NLEL [GST-tagged]


Catalogue Number
63-0038-025
Product Size
25 µg
Price £
£250
Accession Number
NP_309587.1
Residues Expressed
59-782
Certificate of Analysis Size
25 µg
Species
human
Source
E.coli
Quantity
25 µg
Storage
-70°C
Concentration
0.5mg/ml
Formulation
50 mM HEPES pH 7.5, 150 mM sodium chloride, 2 mM dithiothreitol, 10% glycerol
Molecular Weight
~107kDa
Stability
12 months at -70°C; aliquot as required
Protein Sequence
Accession number: NP_309587.1. For full protein sequence information download the Certificate of Analysis pdf.
QA; Protein Identification
Confirmed by mass spectrometry.
QA Activity

E3 Ligase Assay: The ubiquitin conjugating activity of GST-NLEL was validated through its ability to catalyse the generation of polyubiquitin chains in the presence of the E1 activating enzyme His-UBE1, the E2 conjugating enzyme His-UBE2D3 (UbcH5c) (several E2s were tested, data generated with this E2 is provided by way of example) and ubiquitin. Incubation of GST-NLEL for 30 minutes at 30oC in the presence of ubiquitin, His-UBE1, His-UBE2D3 and ATP (Lane 1) was compared alongside two control reactions with either ATP (Lane 2) or GST-NLEL (Lane 3) excluded from the reaction. Ubiquitin conjugates were identified by Western blotting using an anti-ubiquitin conjugate antibody and these were observed only in the presence of both ATP and GST-NLEL.


Background

The enzymes of the ubiquitylation pathway play a pivotal role in a number of cellular processes including the regulated and targeted proteasome-dependent degradation of substrate proteins. Three classes of enzymes are involved in the process of ubiquitylation; activating enzymes (E1s), conjugating enzymes (E2s) and protein ligases (E3s). Non-LEE-encoded ligase (NleL) is a member of the E3 protein ligase family and cloning of the gene from Escherichia coli was first described by Kulasekara et al. (2009). Many pathogenic bacteria can deliver virulence factors into host cells that function as E3 ligases and NleL is a bacterial ubiquitin E3 ligase involved in pedestal formation (Lin et al., 2012; Piscatelli et al., 2011). NleL has been shown to contain a cysteine residue near the C terminus of the protein that forms a transient thioester bond with Ubiquitin (Piscatelli et al., 2011). Similar to eukaryotic HECT E3s ligases, NleL functions with a subgroup of E2 enzymes that contain a conserved phenylalanine residue (Lin et al., 2010). NleL also possesses the conformational flexibility characteristic of HECT E3 ligases, however, the molecular surface of NleL bears no similarity to that of HECT E3 ligases (Daio et al., 2008; Lin et al., 2010).


References

Diao J, Zhang Y, Huibregtse JM, Zhou D, Chen J. (2008) Crystal structure of SopA, a Salmonella effector protein mimicking a eukaryotic ubiquitin ligase. Nat Struct Mol Biol 15, 65–70.

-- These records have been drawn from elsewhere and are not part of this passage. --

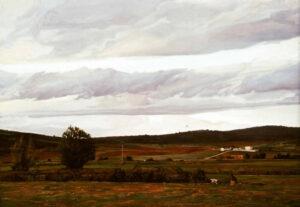 Campos Zamoranos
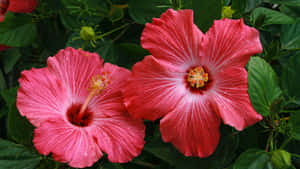 Pink Hibiscus Flowers Wallpaper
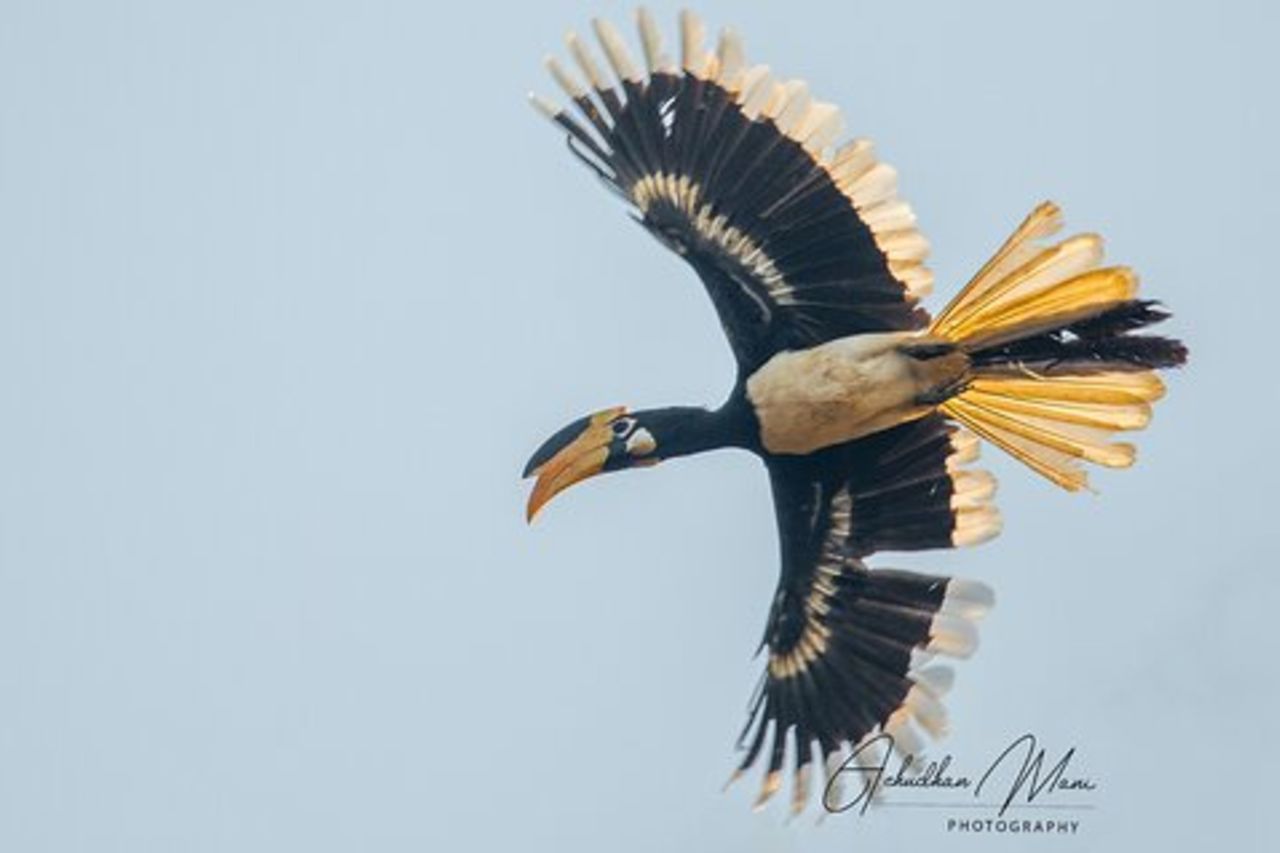 Birding @ Dandeli 2N3D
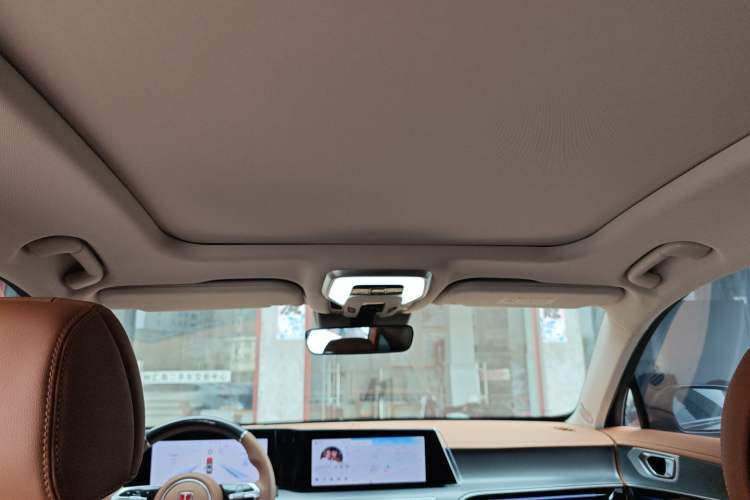 Used Hongqi H9 2024 2.0T Qichang Private Enjoyment Luxury Edition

Kulasekara BR, Jacobs M, ZhouY, Wu Z, Sims E, et al. (2009) Analysis of the genome of the Escherichia coli O157:H7 2006 spinach-associated outbreak isolate indicates candidate genes that may enhance virulence. Infect Immun 77, 3713-3721.

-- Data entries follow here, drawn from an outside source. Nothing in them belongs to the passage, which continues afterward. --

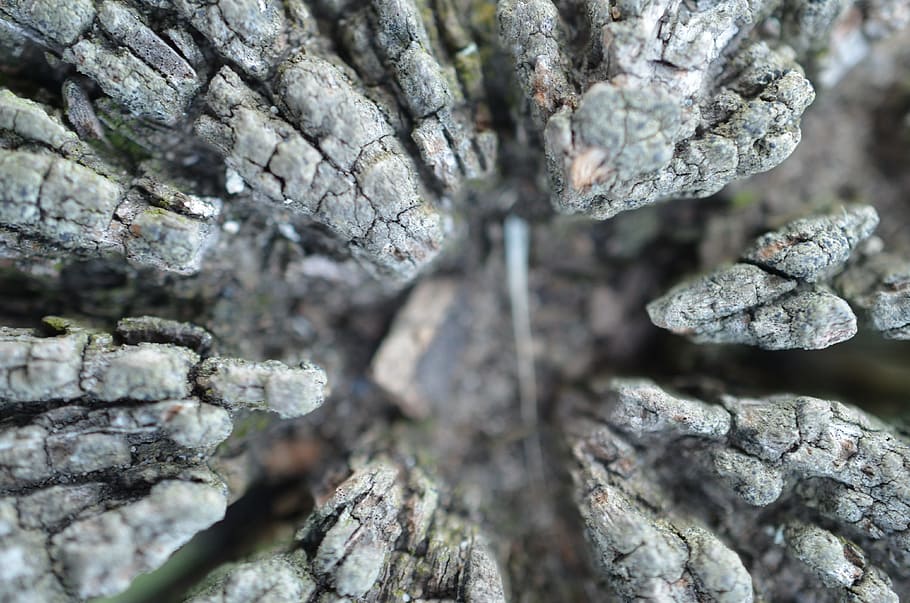 Pile, Log, Fence, Macro, Wood, fence post, rock - object, no people HD wallpaper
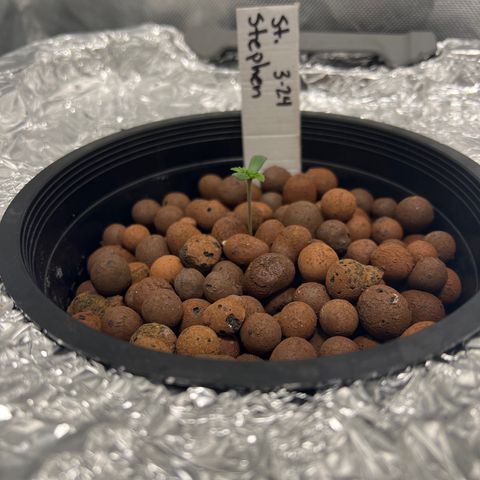 St. Stephen growlog photo: Very straight stalk happy leaves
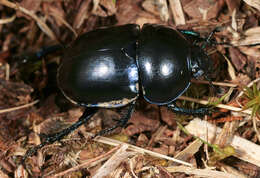 Слика од Trypocopris vernalis (Linnaeus 1758)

Lin DY, Diao J, Zhou D, Chen J. (2010) Biochemical and structural studies of a HECT-like ubiquitin ligase from Escherichia coli O157:H7. J Biol Chem 286, 441–449.

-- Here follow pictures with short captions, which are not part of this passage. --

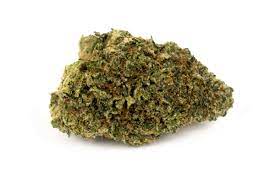 KING LOUIE OG KING LOUIE OG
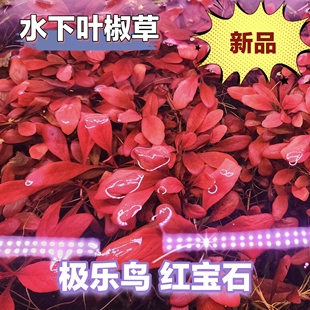 水下叶红色椒草阴性水草极乐鸟椒草红宝石水草鱼缸造景中景草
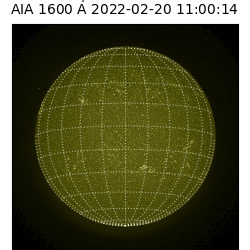 saia - 2022-02-20T11:00:00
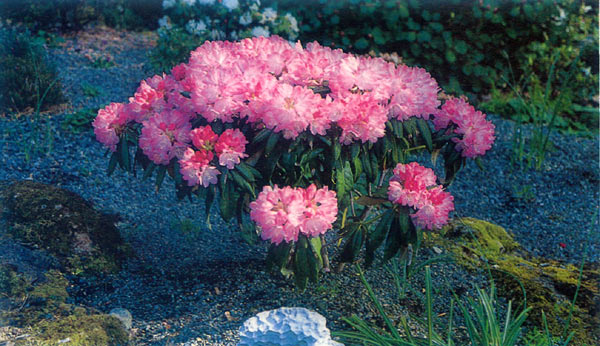 R. metternichii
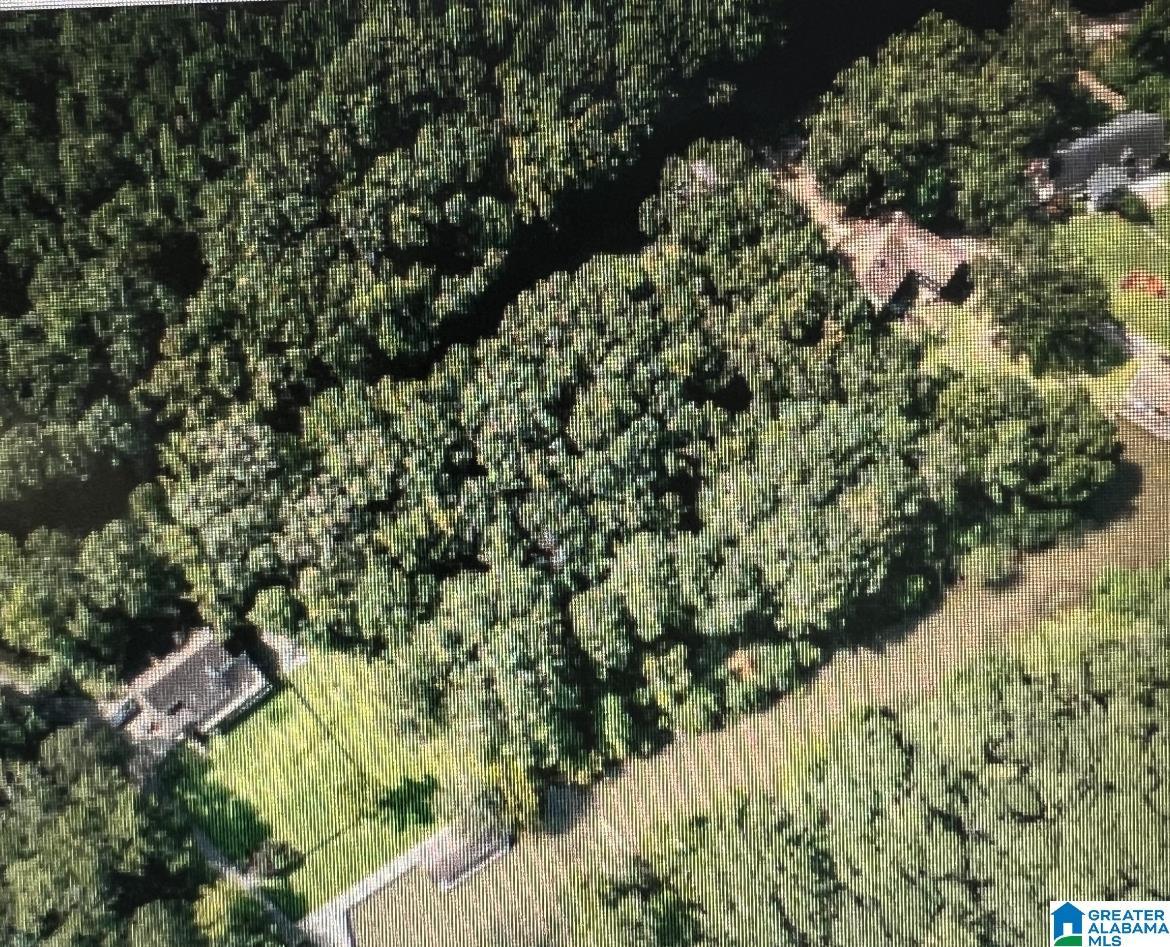 Image 1: Image 1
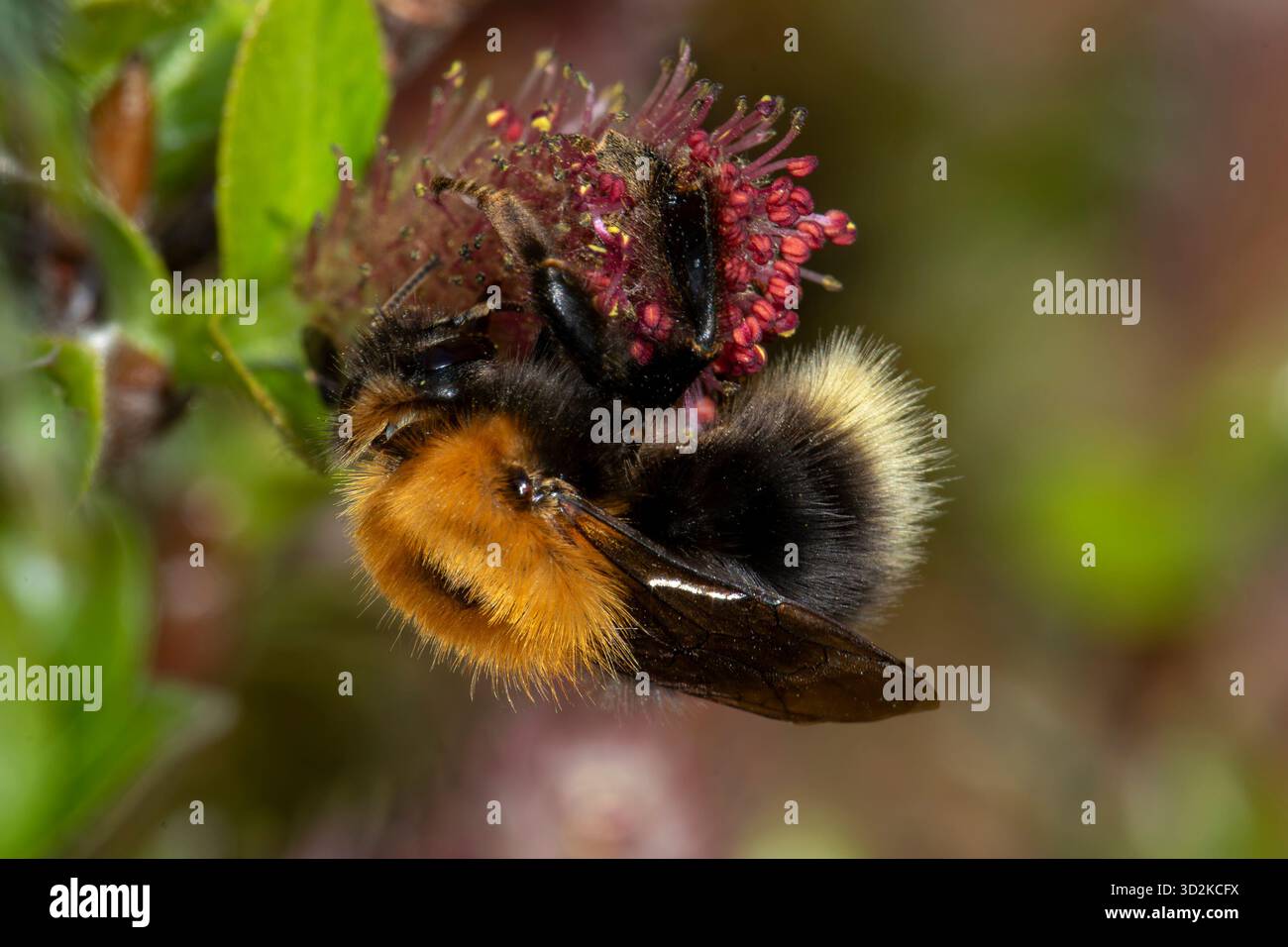 Photo macro d'une bourdon arboricole collectant du nectar sur un chaton de saule des montagnes pendant la pollinisation printanière Banque D'Images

Lin DY, Diao J, Chen J. (2012) Crystal structures of two bacterial HECT-like E3 ligases in complex with a human E2 reveal atomic details of pathogen-host interactions. PNAS 109, 1925-30.

Piscatelli H, Kotkar SA, McBee ME, Muthupalani S, Schauer DB, Mandrell RE, Leong JM, Zhou D. (2011) The EHEC type III effector NleL is an E3 ubiquitin ligase that modulates pedestal formation. PLoS One 6, e19331.